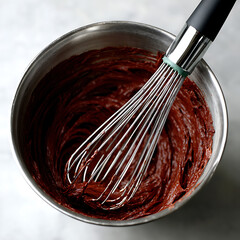 Chocolate Batter with Whisk in Mixing Bowl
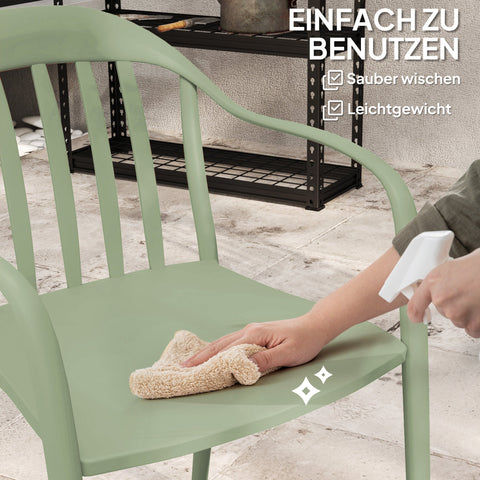 Rootz 4-Piece Garden Chair Set - Outdoor Stacking Chairs - Weatherproof Armchair - UV Resistant - 57cm x 54cm x 78cm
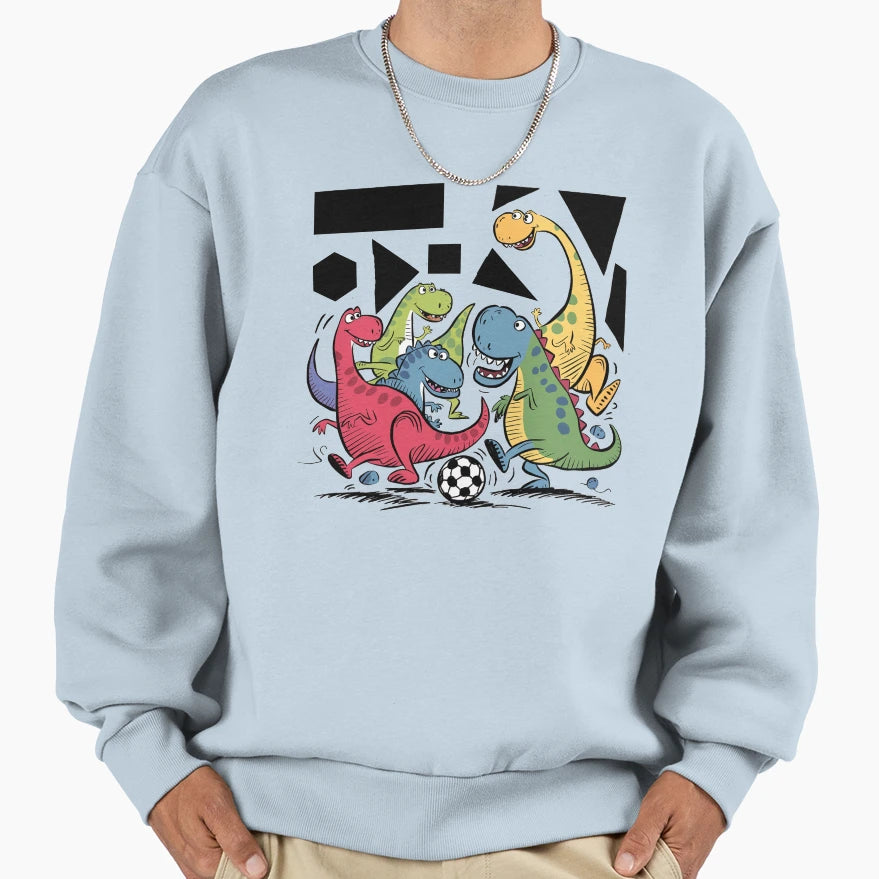 Funny Artsy Dinosaurs Playing Soccer Sweatshirt - Aesthetic Graphic Unisex - T-Shirt, Sweatshirt, Hoodie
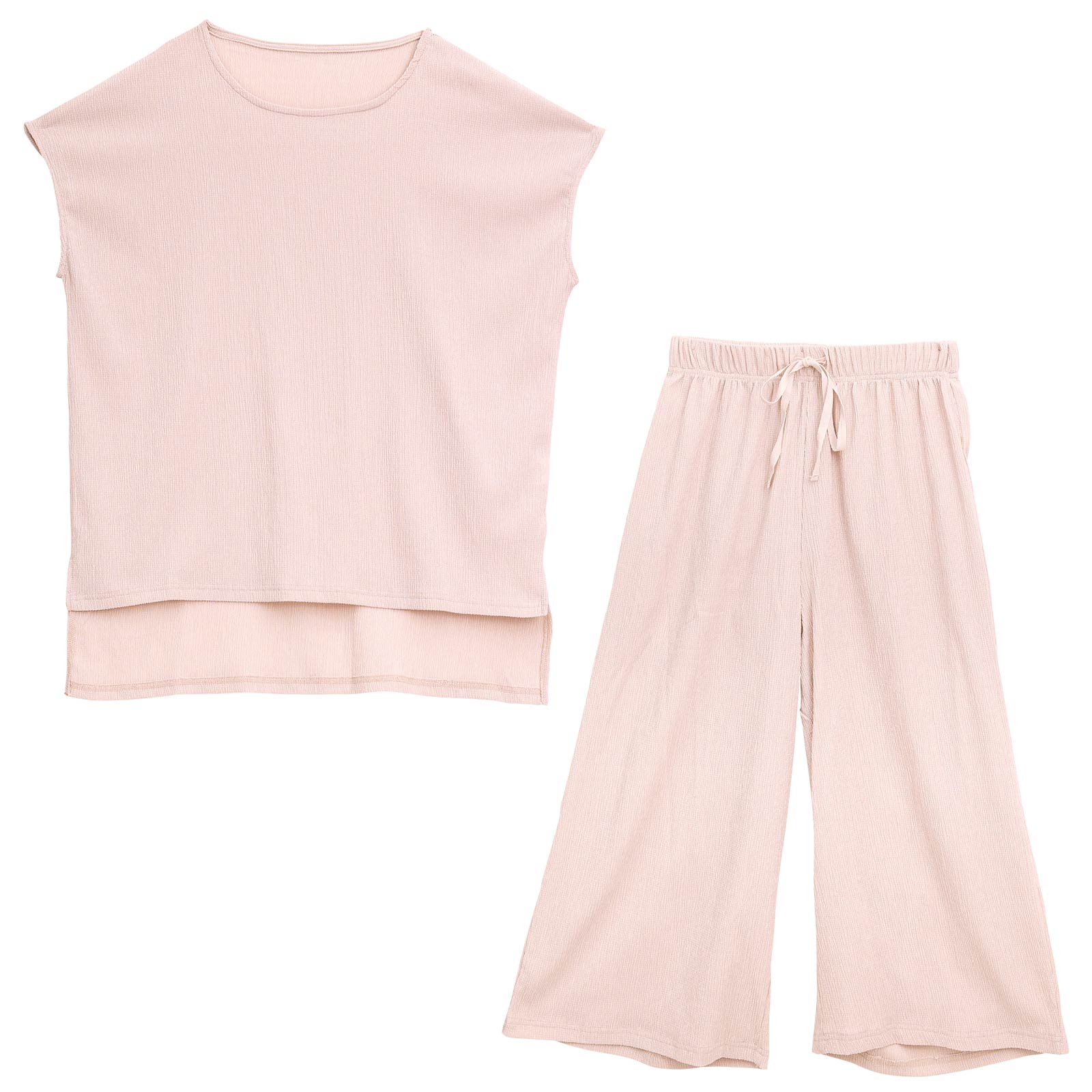 ワンカラーシャーリング半袖トップス&ロングパンツルームウェア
******************************
Exercise details -
Could you write out every line above exactly as it stands, with no images?

Reply to the task -
 Chocolate Batter with Whisk in Mixing Bowl
 Rootz 4-Piece Garden Chair Set - Outdoor Stacking Chairs - Weatherproof Armchair - UV Resistant - 57cm x 54cm x 78cm
 Funny Artsy Dinosaurs Playing Soccer Sweatshirt - Aesthetic Graphic Unisex - T-Shirt, Sweatshirt, Hoodie
 ワンカラーシャーリング半袖トップス&ロングパンツルームウェア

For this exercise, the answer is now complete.